▸ **WHAT IS REQUIRED**: Nothing but the lines below from the one containing "maple-leaf-wildlife-bison-unterwegs-1-oz-silber-koloriert" through the one containing "Stylnul (STN) Dreamwood Natural 23x120" should appear in the answer, exact and without pictures.

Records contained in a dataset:
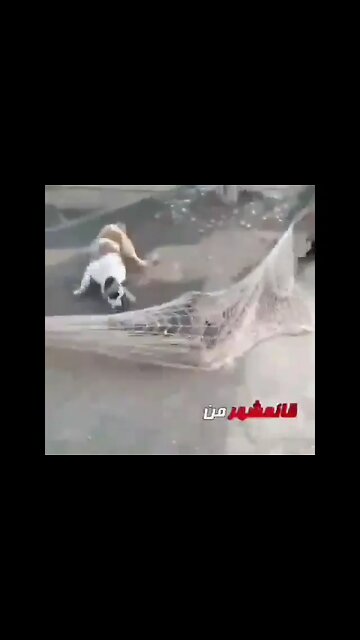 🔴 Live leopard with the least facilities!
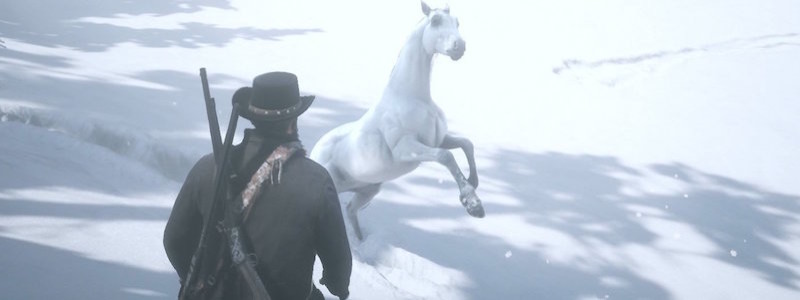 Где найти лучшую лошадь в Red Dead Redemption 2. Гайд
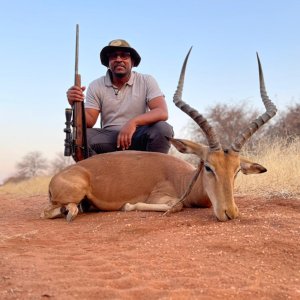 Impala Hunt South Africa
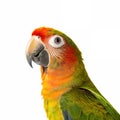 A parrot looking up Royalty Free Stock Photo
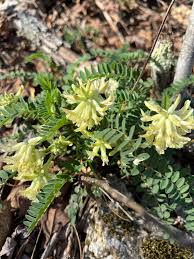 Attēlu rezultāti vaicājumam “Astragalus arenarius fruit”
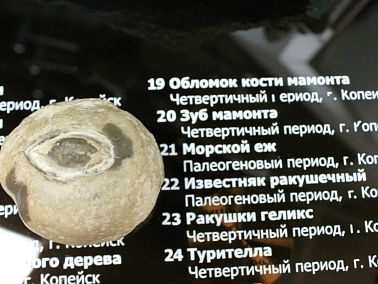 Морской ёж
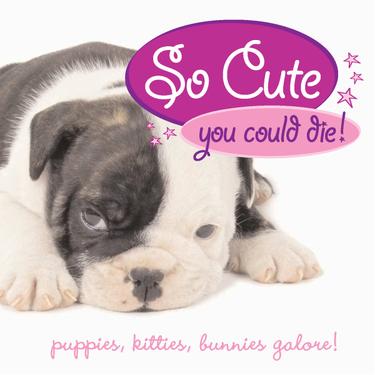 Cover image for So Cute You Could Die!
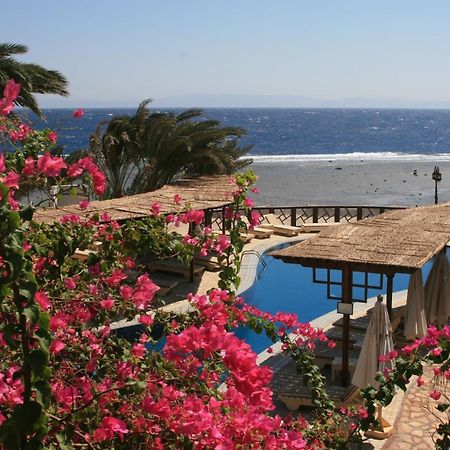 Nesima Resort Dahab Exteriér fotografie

...

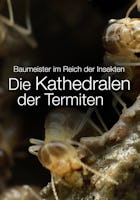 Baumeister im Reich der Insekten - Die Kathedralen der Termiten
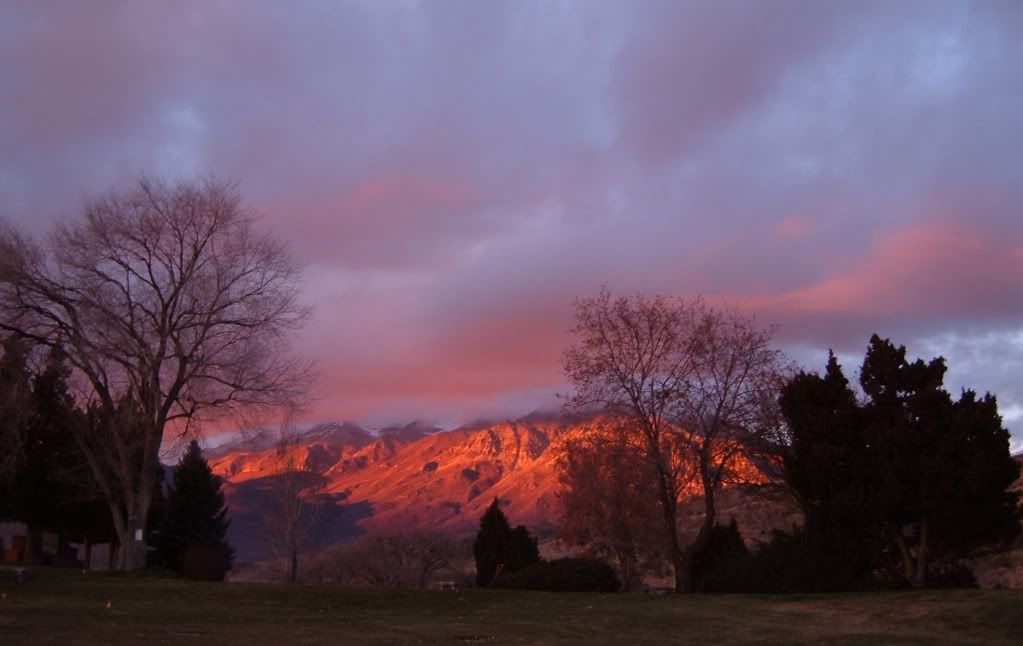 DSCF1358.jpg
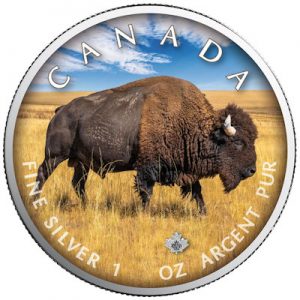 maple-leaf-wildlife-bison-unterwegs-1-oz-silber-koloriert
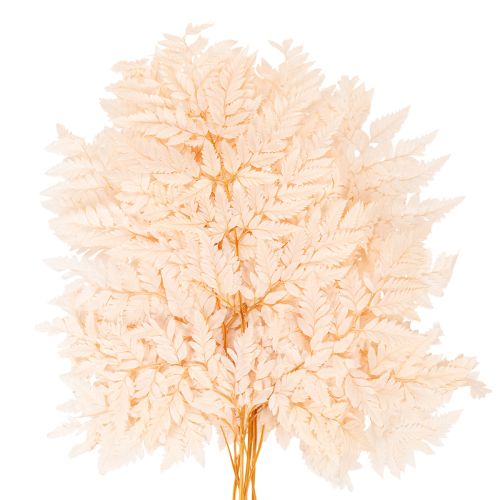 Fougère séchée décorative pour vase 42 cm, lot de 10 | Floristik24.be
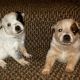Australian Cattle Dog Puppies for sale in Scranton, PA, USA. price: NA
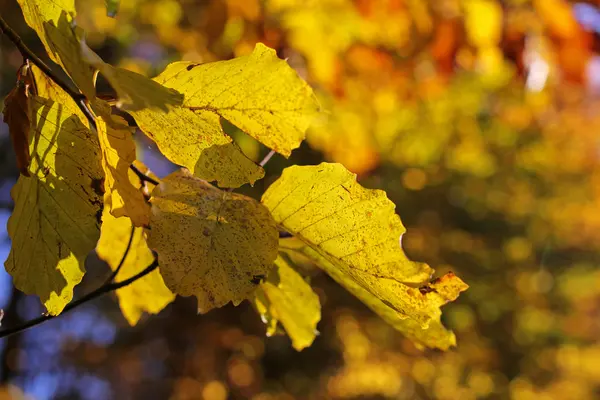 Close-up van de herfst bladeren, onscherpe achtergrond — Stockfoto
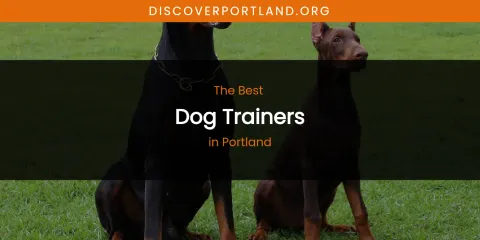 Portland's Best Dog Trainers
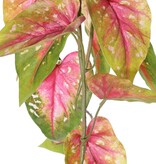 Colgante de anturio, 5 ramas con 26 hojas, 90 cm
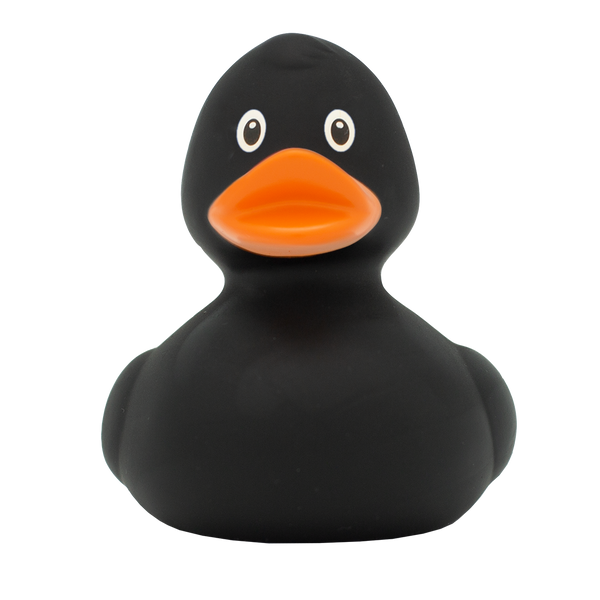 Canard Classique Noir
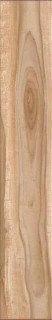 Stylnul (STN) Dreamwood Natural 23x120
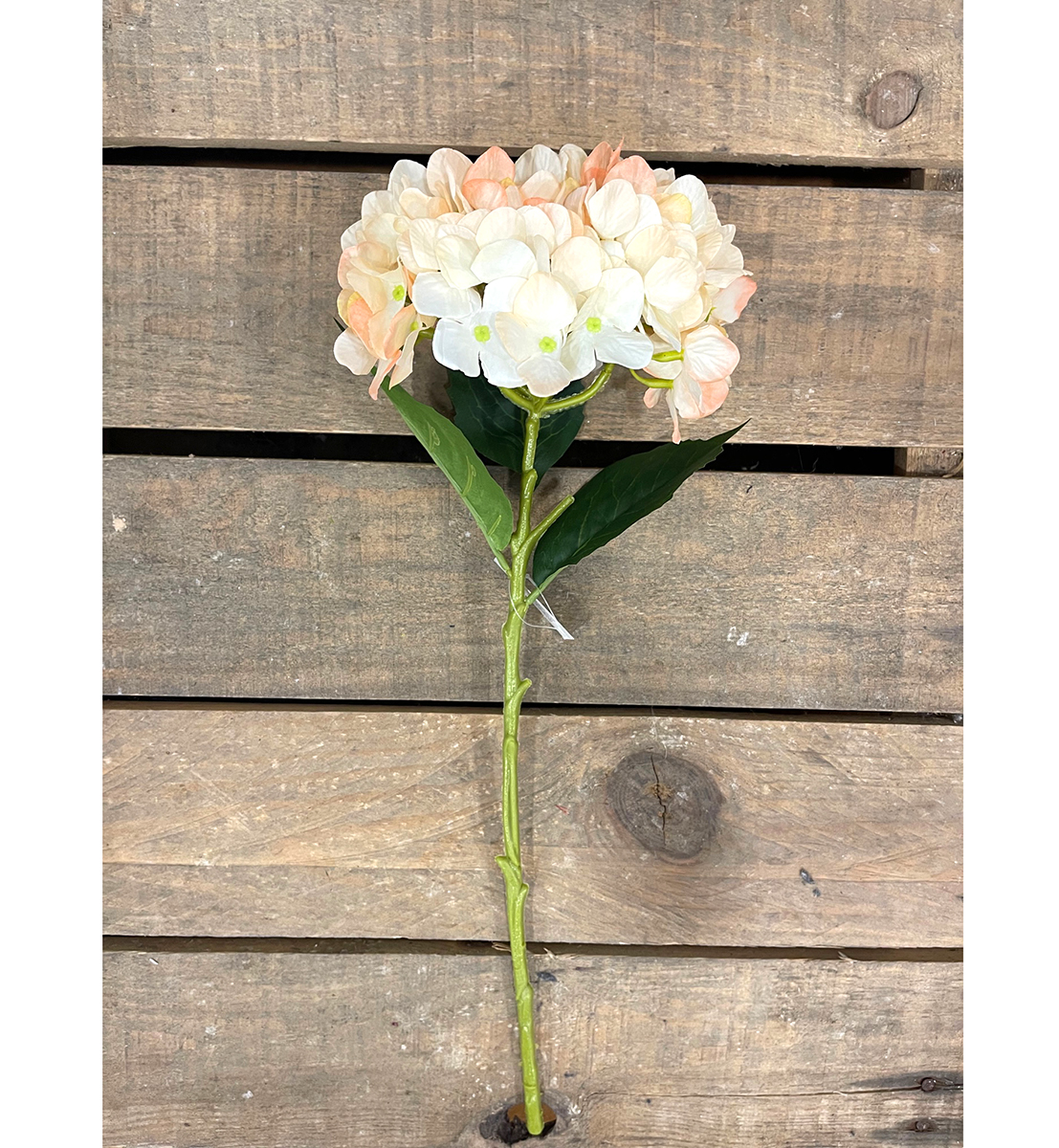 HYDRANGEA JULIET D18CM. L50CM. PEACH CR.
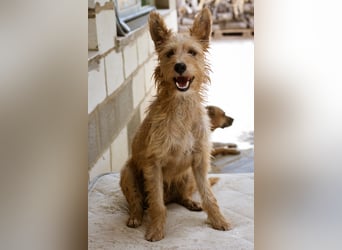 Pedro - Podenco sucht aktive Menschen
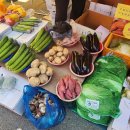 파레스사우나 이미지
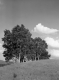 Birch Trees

▸ **RESPONSE BOX**:
 maple-leaf-wildlife-bison-unterwegs-1-oz-silber-koloriert
 Fougère séchée décorative pour vase 42 cm, lot de 10 | Floristik24.be
Australian Cattle Dog Puppies for sale in Scranton, PA, USA. price: NA
 Close-up van de herfst bladeren, onscherpe achtergrond — Stockfoto
 Portland's Best Dog Trainers
 Colgante de anturio, 5 ramas con 26 hojas, 90 cm
 Canard Classique Noir
 Stylnul (STN) Dreamwood Natural 23x120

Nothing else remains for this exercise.